Parameter estimation for wildlife population models!

We have now gone through the basic mechanics of population modeling. But we have barely discussed where the parameter estimates come from!

This is the focus of the current lecture- and much of NRES 488!

Data requirements

Scalar models (no age structure)

  • Initial abundance (\(N_0\))
  • Mean population growth rate (\(r\) or \(r_{max}\))
  • Variation in population growth rate (standard deviation for a normal distribution representing environmental stochasticity)
  • Carrying capacity of the population (\(K\); equilibrium abundance of logistic model)

Stage-structured (life history) models

  • Initial abundance (\(\mathbf{N_0}\)) (vector of initial abundances for all stages)
  • Stage-specific vital rates (fecundity, survival; fill in a transition matrix)
  • Temporal variation in specific vital rates (environmental stochasticity)
  • Density-dependence of vital rates (e.g., how fecundity decreases as population gets more crowded)
    • Which vital rates are density-dependent?

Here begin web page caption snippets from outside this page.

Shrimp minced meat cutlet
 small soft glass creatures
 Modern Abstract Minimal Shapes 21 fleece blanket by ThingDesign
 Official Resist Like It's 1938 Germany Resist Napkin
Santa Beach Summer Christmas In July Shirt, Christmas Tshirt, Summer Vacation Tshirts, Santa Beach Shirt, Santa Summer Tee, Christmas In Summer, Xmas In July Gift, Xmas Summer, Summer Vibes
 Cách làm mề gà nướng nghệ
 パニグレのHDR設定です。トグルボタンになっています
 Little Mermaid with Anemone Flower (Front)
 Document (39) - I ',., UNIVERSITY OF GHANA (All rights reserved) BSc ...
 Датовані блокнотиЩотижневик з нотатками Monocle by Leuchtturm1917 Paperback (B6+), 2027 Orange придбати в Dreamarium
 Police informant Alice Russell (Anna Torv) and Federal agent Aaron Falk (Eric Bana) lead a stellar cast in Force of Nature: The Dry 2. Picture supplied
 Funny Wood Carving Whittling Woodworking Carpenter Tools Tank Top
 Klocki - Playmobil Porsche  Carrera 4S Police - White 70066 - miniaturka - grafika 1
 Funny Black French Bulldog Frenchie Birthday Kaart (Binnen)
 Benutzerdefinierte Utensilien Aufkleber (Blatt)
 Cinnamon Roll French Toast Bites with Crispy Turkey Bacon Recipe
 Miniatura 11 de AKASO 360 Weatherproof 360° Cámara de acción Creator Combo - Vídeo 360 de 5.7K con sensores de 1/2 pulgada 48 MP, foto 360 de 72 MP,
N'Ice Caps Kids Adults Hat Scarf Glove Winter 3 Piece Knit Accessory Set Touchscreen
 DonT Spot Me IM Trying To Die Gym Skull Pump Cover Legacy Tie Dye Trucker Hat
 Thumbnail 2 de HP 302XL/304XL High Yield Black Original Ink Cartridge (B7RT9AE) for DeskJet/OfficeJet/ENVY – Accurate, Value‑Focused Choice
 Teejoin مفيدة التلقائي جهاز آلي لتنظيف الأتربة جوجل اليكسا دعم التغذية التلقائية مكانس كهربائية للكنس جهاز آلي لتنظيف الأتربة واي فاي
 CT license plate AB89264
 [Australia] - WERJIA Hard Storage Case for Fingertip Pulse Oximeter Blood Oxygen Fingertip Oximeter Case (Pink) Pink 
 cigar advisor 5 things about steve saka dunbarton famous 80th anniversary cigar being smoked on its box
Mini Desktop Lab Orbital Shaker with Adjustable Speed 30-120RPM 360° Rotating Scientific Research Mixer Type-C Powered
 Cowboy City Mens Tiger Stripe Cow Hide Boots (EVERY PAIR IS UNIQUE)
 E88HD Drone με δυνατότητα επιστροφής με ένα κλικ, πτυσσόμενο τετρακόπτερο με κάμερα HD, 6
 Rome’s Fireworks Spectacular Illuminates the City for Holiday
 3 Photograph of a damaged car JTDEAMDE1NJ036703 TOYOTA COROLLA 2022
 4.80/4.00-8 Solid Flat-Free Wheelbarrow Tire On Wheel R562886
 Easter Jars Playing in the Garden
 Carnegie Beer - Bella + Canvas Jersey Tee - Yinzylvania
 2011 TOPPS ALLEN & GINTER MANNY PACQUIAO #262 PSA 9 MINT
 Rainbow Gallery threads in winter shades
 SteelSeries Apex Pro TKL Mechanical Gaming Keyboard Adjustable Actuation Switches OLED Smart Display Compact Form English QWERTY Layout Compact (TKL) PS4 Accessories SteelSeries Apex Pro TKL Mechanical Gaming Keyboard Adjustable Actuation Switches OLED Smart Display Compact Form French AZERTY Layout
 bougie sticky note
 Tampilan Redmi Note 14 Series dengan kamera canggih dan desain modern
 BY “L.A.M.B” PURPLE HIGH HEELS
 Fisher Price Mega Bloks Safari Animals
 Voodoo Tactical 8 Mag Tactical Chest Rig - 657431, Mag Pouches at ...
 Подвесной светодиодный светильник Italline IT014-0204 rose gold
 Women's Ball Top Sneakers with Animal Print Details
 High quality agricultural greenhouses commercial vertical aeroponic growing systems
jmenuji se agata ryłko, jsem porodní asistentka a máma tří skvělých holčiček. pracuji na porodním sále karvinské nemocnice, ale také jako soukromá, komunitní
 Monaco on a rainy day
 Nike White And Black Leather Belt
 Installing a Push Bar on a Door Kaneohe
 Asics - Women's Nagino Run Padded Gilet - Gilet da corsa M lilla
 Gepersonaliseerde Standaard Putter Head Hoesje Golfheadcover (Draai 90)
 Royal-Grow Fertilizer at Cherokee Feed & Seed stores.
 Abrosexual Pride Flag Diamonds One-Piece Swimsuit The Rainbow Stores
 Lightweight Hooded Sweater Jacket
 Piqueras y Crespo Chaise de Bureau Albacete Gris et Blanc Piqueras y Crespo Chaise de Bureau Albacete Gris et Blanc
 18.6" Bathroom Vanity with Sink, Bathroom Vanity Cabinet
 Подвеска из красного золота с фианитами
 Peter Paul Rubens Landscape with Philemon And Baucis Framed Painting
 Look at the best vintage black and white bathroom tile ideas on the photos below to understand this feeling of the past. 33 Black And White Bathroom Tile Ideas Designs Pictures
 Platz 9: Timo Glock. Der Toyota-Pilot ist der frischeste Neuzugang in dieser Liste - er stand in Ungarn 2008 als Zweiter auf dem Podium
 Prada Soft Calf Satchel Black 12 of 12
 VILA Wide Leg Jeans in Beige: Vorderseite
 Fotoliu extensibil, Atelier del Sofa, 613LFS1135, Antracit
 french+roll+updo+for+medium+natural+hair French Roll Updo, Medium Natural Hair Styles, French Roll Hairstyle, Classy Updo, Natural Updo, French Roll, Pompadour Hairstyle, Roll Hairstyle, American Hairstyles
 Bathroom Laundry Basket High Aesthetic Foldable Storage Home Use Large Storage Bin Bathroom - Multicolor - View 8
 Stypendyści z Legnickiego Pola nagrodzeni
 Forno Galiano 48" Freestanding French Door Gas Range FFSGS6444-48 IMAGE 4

Metapopulation (spatial) models

  • Spatial distributions of suitable habitat patches (define patches)
  • Spatial variation in vital rates (e.g., variation in habitat quality among different patches)
  • Correlation in environmental stochasticity among patches
  • Dispersal rates among habitat patches
  • Habitat requirements of different life stages
  • For “classical” metapopulation models: rates of colonization and extinction in habitat patches

Data sources!

Census data!

Census data is ultimately what we all wish we had! It means we follow a population over time, and we know exactly how many individuals of each stage are in the population each year. We have perfect detection!

In this case, computing survival and fecundity (and variation in these parameters, and density-dependence) is relatively straightforward!

PROS - Can estimate survival and fecundity, env. stochasticity, density dependence- pretty much everything we want for a population model!

CONS - Very rarely available for wild populations!! - Ignores imperfect detection (assumes no observation errors), which is almost always not realistic (for wild populations).

What if there’s “no data”?

Recall the “Stone Soup” analogy! - even when you think there’s no data, there probably is more than there initially appears!

  • Use algebra to construct a full age-structured transition matrix from available information
    • E.g., we are missing information on hatchling survival. We only know:
      • Juvenile and adult survival rates
      • Nesting success
      • Population growth (lambda) is 1.09
      • Now we can solve for hatchling survival!
      • For an example of this, see Congdon et al 1993
  • Simplify! (Models are always simplified representations of reality)
    • Ignore age structure? (i.e., use scalar model)
    • Ignore density-dependence?
    • Ignore trophic interactions (we usually make this simplification anyway!)
    • Ignore abundance entirely (e.g., use classical metapopulation model)
  • Conservative strategies (use worst case scenario)!
    • Density-independent model is conservative, so if you don’t have data on D-D, then maybe just ignore it!
    • With parameter uncertainty, use the worst case scenario
    • Under decline trends, use the worst case scenario
  • Use data from similar species!
    • E.g., tamarin species have similar life histories, so use data on golden lion tamarins to model golden-headed lion tamarins.
  • Expert Opinion
    • See below…
  • National Databases
    • See links on Final projects page
  • Allometries
    • e.g., Fenchel’s allometry
    • This type of thinking (looking for broad patterns across species) is often called “Macroecology”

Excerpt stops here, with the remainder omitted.